Their Machiavellian power plays continue to the bar, where Stacie orders them some drink with mulled wine and brandy, then piles on whipped cream. (Did she bring her own supply?) Like Elsbeth, Stacie has her some quirks. She’s trying not to curse so much, so she says “fish” instead of “fuck.” Speaking of fishing, she tells Eli, “I desire you.” Eli takes the bait. “Well go ahead, make the first movie. Right here. I’m ready. You’re the one who desires me. I’m pliable. So ply me.” No plying happens, this time, but there is some hot talk about the destabilize-your-enemy war strategies of Sun Tzu versus the impenetrable ancient Israeli fort Masada (which clearly represents Eli in all his Jewiness). Their encounter ends with Stacie spraying Eli’s hand with whipped cream an licking it off. “Okay. This is lacking subtlety,” Eli observes.
Meanwhile, Caitlin once again proves that she’s not just a dumb blonde who got her job through nepotism. (Though nepotism isn’t all bad: In a rare moment of being human, David Lee marches into Eli’s office and tells him to stop fucking with her; that she is the only thing he loves in this world.) From reading gay blogs — guess she and Eli have something in common — Caitlin realizes that GLAC isn’t looking for a crisis manager to go up against the Defense of Marriage Act, but for someone who can save the ass of the head of their board, who wrote a letter supporting the AT&T merger with T-Mobile, and then got a $60,000 grant from AT&T. Eli changes his pitch last minute and wins the lucrative account. This he tells Stacie over more playing chicken at the bar. They crash into the world’s most awkward kiss (it’s Alan Cumming and Amy Sedaris; even they’re not good enough actors to make us believe that would actually happen). Still, it’s hilarious. Eli tells Stacie he got the GLAC account, “but I still desire you.” “Okay,” she says. “Let’s go. Let’s have intercourse.”

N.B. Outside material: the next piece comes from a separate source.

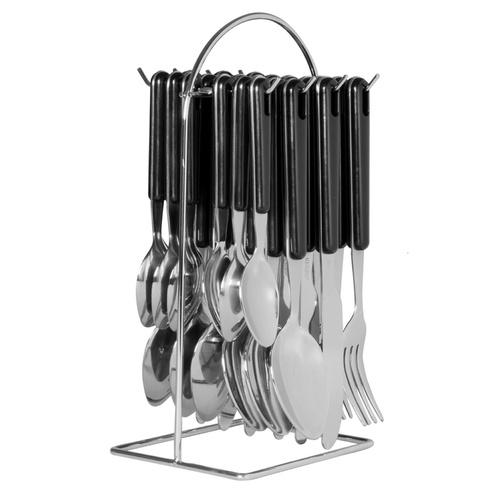 Avanti Hanging Cutlery Set 24 Piece Black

And then as Eli is pulling up his pants, hair tousled after some mighty good “fishing” that he spots Parker Posey’s face on a brochure for “Vanessa Gold for State Senate.” So Stacie is going to be running Eli’s ex-wife’s campaign. This should be good.

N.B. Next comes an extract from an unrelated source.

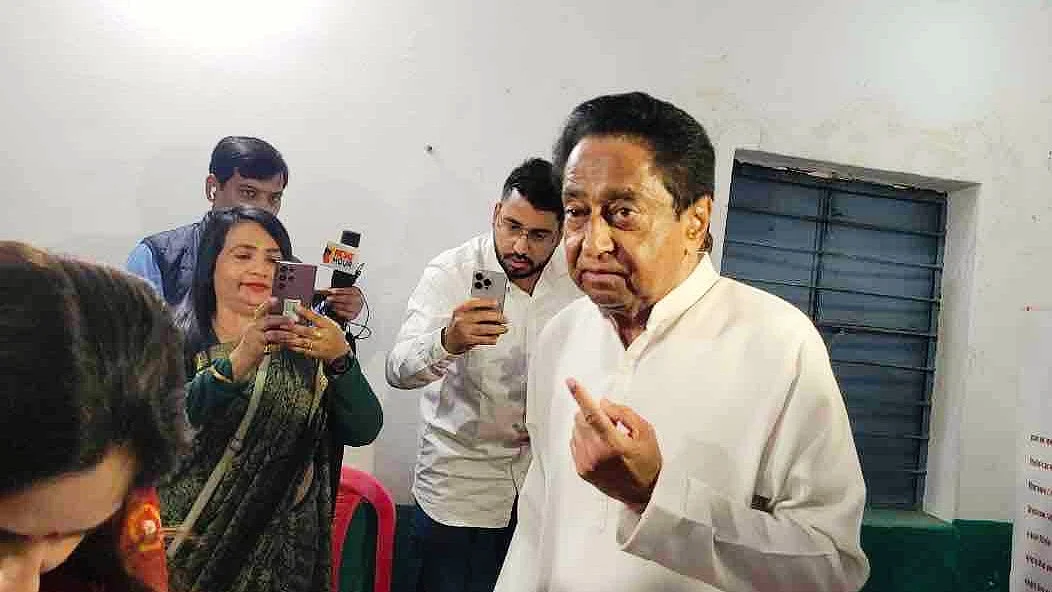 Madhya Pradesh Congress casts his vote (photo: @INCMP/ X)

Meanwhile, Alicia is pacing the kitchen, getting ready to tell her kids about what she had to admit in court when Kalinda calls to give her the news that Will wasn’t indicted. They’re having a party to celebrate, and Will and Diane dance like a couple on their golden anniversary and still in love.
But this being the Good Wife, victory is but fleeting. Peter may have ousted Wendy, but she’s now ready to take her evidence of Will’s infractions to the bar association, which surely will not be as lenient as the grand jury. And what is the true vulnerability Will was trying to hide by throwing Dana the McDermott case? Alicia can’t possibly be the only skeleton that has yet to be exposed. Most important — and this is why I love this show — the trial never answered whether Will did or did not bribe judges. He won because he and the firm were smart about strategy and better at gaining the jury’s sympathy. They didn’t win because Will is innocent. Is he?